While the trends indicate a level of disinterest in languages at school, teachers at Spanish schools for adults have observed that the language has become ‘fashionable’ amongst young adults.
Director of language school Spanish House London María Carmona said: “We are seeing the opposite of these trends that you see in schools, actually.
“We have seen that more and more adults, young professionals in their 20s or 30s, really like to learn Spanish. We think it’s becoming fashionable.”
She said that the main reasons why adults want to learn Spanish are wanting to travel to Spanish speaking countries, improving their CVs or because they have Spanish or Latin American partners.
Carmona believes GCSE students were often only taught how to pass an exam, rather than the practical skills needed to navigate real-life situations.
The teaching style at Spanish House London is “much more practical and communicative”.
They use games and activities to let the students enjoy the learning process and teach them to speak and communicate with people in everyday situations when abroad.
While there is evidence to suggest that children are better at language acquisition due to the brain’s elasticity at a young age, Carmona spoke about one of the school’s most enthusiastic students, who is 82.
She said: “She loves the lessons and really has so much fun. She’s a great contributor to the group.
“So, even though most of our students are young professionals, learning a language is really great at any time of life.
“When you learn to speak another language, you gain a completely new perspective on so many things.”
After Mandarin, Spanish has the most native speakers in the world, with approximately 485 million native speakers, according to language software Babbel.
A report by the British Council found that, although Spanish remains the preferred modern foreign language at A-level, this has been a recent development, as previously French was more popular.
British Council Schools Advisor Vicky Gough said: “Spanish is currently the favoured language at A level for numerous reasons.
“There is a perception that it is easier to learn, it is spoken in many countries around the world, and pupils are more likely to have been to Spain or have relatives or friends that have.”
Moreover, Spanish is also more prominent in pop culture across music, films and TV shows, which makes it more ‘attractive’ to pupils.
Gough said: “Although French is still the most popular language at GCSE level, last year’s GCSE exam data shows Spanish had the second largest increase compared to other full course subjects, and is on course to overtake French.”
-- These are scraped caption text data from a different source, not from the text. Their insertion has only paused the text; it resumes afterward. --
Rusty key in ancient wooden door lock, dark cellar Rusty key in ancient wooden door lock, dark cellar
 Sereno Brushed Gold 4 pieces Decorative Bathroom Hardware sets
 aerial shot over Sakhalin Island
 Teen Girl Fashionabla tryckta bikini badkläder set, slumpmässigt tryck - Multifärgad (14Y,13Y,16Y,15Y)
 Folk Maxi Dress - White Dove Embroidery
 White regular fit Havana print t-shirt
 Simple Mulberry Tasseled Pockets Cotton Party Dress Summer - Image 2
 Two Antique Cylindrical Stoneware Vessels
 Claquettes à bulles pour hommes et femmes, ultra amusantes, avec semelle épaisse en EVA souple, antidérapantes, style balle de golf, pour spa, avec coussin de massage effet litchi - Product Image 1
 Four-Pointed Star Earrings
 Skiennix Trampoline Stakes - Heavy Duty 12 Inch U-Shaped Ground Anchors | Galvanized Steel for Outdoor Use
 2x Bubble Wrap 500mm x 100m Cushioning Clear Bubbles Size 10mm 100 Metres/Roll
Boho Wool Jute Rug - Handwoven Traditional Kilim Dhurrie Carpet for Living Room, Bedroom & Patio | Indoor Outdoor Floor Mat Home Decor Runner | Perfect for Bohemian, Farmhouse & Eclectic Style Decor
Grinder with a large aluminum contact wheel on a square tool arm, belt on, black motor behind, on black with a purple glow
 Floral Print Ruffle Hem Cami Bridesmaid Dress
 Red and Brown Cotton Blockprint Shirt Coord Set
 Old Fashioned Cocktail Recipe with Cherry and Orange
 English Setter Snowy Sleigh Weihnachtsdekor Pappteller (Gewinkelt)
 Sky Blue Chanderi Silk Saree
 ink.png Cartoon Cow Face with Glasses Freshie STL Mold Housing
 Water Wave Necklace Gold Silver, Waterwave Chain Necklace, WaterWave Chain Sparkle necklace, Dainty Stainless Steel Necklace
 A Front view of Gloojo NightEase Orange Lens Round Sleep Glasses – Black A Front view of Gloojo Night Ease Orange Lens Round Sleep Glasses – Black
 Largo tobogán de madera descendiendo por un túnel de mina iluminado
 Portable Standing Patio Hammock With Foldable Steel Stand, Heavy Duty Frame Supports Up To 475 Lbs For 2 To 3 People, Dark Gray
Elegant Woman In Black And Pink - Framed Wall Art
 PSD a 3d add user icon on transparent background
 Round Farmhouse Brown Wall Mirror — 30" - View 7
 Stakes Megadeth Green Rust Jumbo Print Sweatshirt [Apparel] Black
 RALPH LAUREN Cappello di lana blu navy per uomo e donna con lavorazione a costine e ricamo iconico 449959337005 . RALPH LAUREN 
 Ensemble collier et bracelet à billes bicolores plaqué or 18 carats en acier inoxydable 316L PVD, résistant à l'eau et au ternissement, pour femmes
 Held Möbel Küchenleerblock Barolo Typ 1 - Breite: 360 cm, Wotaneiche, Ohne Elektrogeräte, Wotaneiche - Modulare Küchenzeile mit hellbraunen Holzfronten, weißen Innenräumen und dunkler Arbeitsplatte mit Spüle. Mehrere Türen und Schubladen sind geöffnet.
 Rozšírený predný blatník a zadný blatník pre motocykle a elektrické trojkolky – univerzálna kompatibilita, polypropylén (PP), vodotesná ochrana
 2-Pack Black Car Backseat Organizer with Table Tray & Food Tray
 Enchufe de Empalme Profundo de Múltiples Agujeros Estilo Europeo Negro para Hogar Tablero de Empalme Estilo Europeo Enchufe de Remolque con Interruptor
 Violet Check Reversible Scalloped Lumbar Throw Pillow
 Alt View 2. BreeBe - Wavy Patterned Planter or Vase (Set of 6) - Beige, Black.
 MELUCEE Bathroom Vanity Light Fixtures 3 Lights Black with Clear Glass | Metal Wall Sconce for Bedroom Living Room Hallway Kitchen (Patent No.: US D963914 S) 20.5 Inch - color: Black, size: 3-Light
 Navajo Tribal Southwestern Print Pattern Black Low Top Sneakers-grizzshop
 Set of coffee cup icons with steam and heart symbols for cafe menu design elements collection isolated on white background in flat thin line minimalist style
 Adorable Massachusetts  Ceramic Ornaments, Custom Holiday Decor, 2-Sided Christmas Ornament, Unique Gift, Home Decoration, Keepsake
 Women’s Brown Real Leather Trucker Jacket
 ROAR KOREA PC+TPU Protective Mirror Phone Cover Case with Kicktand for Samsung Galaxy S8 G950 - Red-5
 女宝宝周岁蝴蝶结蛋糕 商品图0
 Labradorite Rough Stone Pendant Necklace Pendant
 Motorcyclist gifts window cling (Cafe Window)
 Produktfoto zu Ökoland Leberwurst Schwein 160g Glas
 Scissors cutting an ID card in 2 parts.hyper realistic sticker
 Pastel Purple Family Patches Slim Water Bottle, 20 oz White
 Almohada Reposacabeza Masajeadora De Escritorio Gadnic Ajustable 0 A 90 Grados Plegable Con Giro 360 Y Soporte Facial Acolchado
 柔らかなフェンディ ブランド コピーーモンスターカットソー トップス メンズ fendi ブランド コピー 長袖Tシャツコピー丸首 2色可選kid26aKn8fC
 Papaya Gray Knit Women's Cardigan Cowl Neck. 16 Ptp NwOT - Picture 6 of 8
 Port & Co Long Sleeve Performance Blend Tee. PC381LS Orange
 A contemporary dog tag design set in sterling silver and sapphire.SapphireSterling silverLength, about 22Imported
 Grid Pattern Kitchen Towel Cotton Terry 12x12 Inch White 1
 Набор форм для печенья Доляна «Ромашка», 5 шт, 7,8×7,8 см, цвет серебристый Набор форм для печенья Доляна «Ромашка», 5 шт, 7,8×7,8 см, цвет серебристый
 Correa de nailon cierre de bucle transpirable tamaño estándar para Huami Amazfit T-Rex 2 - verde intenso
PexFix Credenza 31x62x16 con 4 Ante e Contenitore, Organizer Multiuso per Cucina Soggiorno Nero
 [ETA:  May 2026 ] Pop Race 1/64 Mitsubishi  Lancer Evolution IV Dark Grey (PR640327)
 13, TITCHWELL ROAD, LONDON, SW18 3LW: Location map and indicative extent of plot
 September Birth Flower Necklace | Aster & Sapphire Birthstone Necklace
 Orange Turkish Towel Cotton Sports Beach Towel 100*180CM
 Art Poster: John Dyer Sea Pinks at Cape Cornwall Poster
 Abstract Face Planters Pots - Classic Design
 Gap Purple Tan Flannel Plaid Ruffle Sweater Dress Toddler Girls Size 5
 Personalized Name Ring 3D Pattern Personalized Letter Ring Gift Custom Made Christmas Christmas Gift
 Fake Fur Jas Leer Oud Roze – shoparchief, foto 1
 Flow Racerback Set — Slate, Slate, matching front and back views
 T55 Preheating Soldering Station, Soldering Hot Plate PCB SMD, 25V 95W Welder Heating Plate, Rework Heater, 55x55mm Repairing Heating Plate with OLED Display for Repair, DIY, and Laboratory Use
Data from qualification board JCQ showed that French has been the most popular language to learn at school, but that Spanish entries gradually increased between 2015 and 2022.
However, Gough has expressed a widespread concern towards the overall decline in the number of modern foreign language entries in schools.
The British Council, alongside UCL and Goethe-Institut, has plans to address this decline in exam entries with the introduction of the National Consortium for Languages Education (NCLE).
This initiative aims to ‘reinvigorate and strengthen system-led leadership in languages across England and improve the learning opportunities and outcomes’ for all students by creating up to 25 language hubs.
Funded by the Department for Education, £14.9 million will be spent on re-energising language-learning in state primary and secondary schools across England over the course of three years.
So far, the government has released the names of the first 19 schools which are set to become language hubs, including Ada Lovelace CofE High School in Ealing.